Wells brought online since the start of 2019 represented 45% of total US onshore production—3.5 million B/D out of an all-time high 7.74 million B/D. As more late-year production data flows in, the 2019 wells might represent closer to 50% of the total, according to information from Shale Profile, an analytics firm that aggregates public data from US oil and gas regulators. Another 25%, or about 1.9 million B/D, came from wells that started producing in 2018.
The remainder of US onshore supply came mostly from the 93,000 wells that were completed between 2010–2017. The importance of this older stock of horizontal wellbores is coming into focus as the early-time-decline rate of new wells accelerates, prompting upstream analysts at IHS Markit to forecast that US tight-oil production will peak in 2021.
Unconventional wells in the most prolific shale plays tend to see decline rates of more than 50% in their first year, and another 30% in their second. One of the key assumptions that justified the economics of such production profiles held that, after about 5 years, those steep declines would transition to the modest 5–10% annual drops seen in conventional wells, and remain there for many years.

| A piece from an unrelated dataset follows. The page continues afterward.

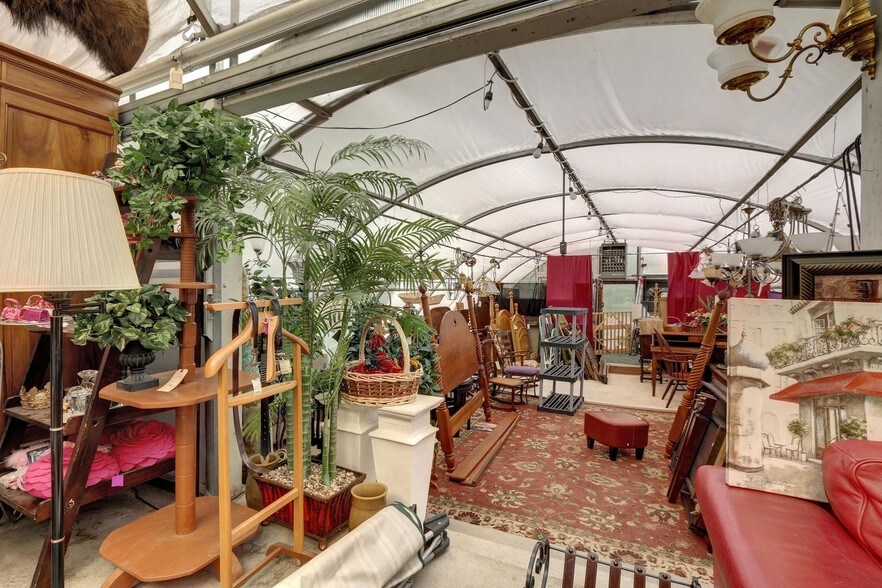 More Photos Of 807 Wilcox St, Castle Rock Storefront For Sale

The most recent production data reveal that tight oil wells are not living up to this standard.
At 5 years of age, horizontal wells in the Permian Basin and Williston Basin’s Bakken Shale share average terminal decline rates of around 17%. The figure for wells of the same age in the Eagle Ford Shale is 23.5%. On average, it takes 8–10 years for these wells to fall below an annual decline threshold of 10%.

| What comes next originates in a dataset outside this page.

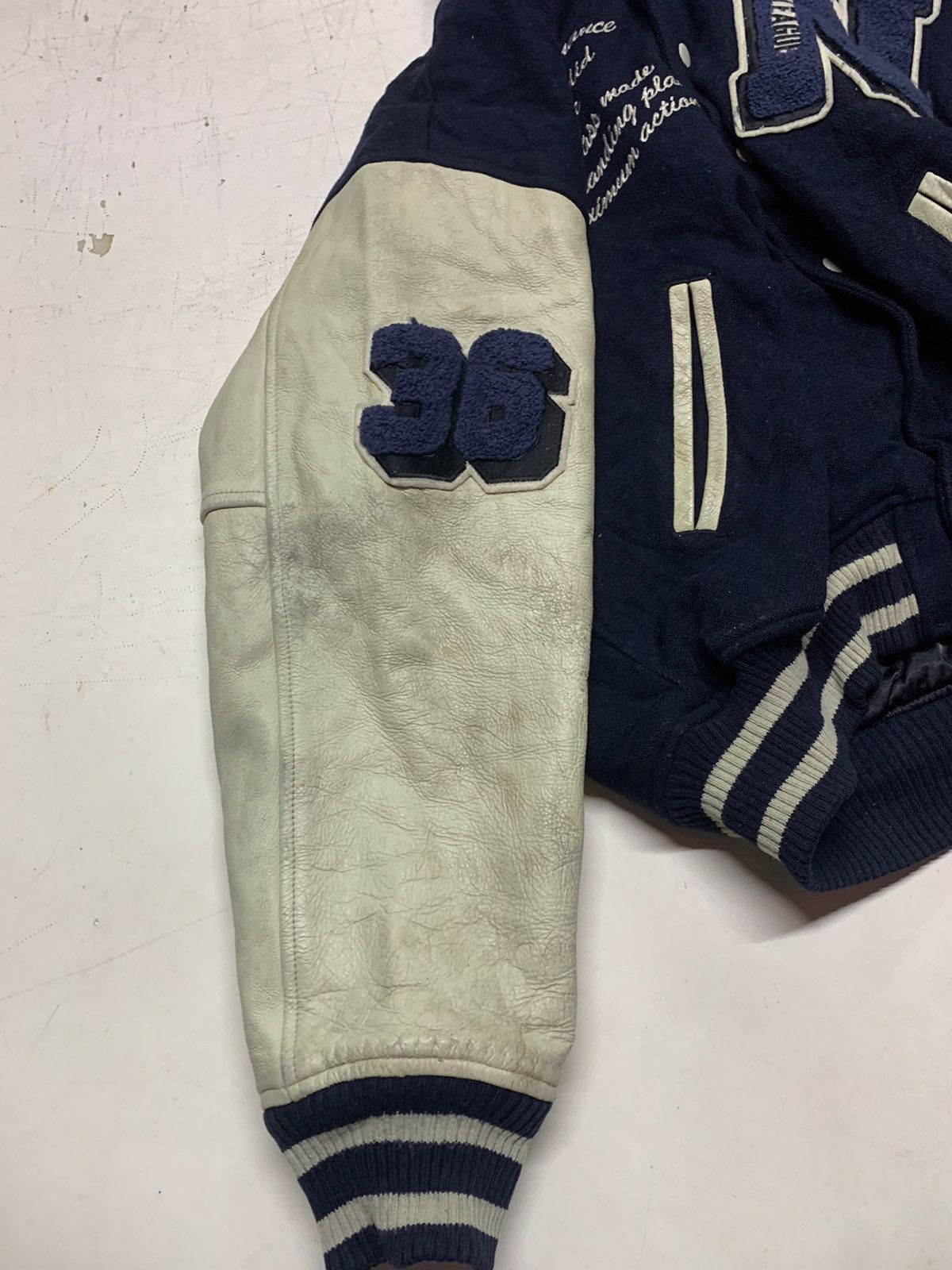 Backbone × Vintage Varsity jacket backbones attacker(offer your price) Size US L / EU 52-54 / 3 - 15 Thumbnail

These terminal decline rates represent a clear challenge for current reserves and ultimate recovery estimates from wells that were expected to produce economically for 30 or more years.

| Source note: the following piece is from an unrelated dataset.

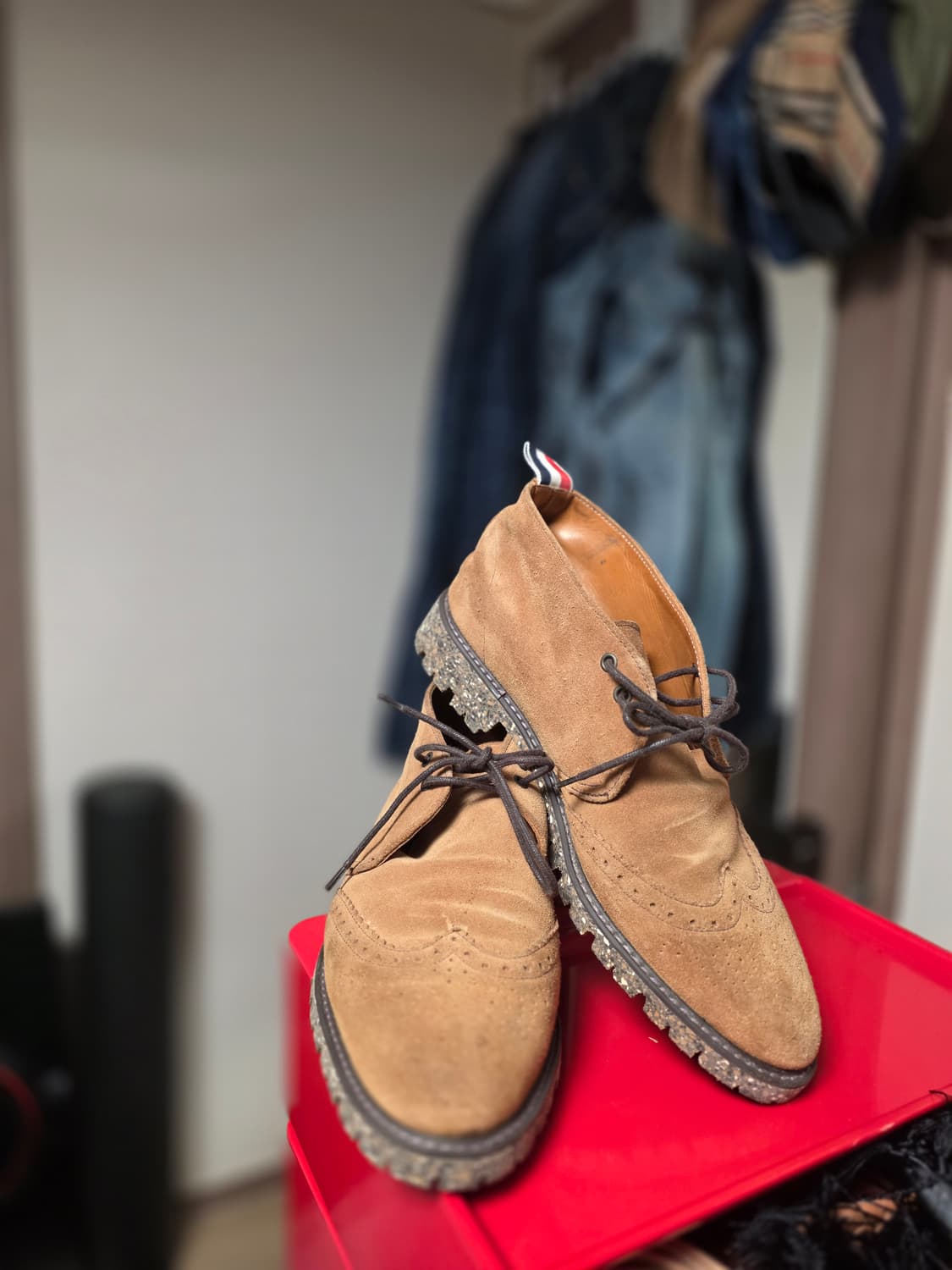 (영국산) 톰브라운 탄 스웨이드 윙팁 처카부츠
 상품이미지1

As a result, shale producers are now advised to not use conventional wells as a guide, or else run the risk of overstating and overvaluing unconventional assets (URTeC 432). The sector’s awareness of long-term production shortfalls is also considered to be the driving force behind a new wave of mergers and acquisitions that has left constrained operators seeking to combine with peers holding proportionally large positions of undrilled acreage.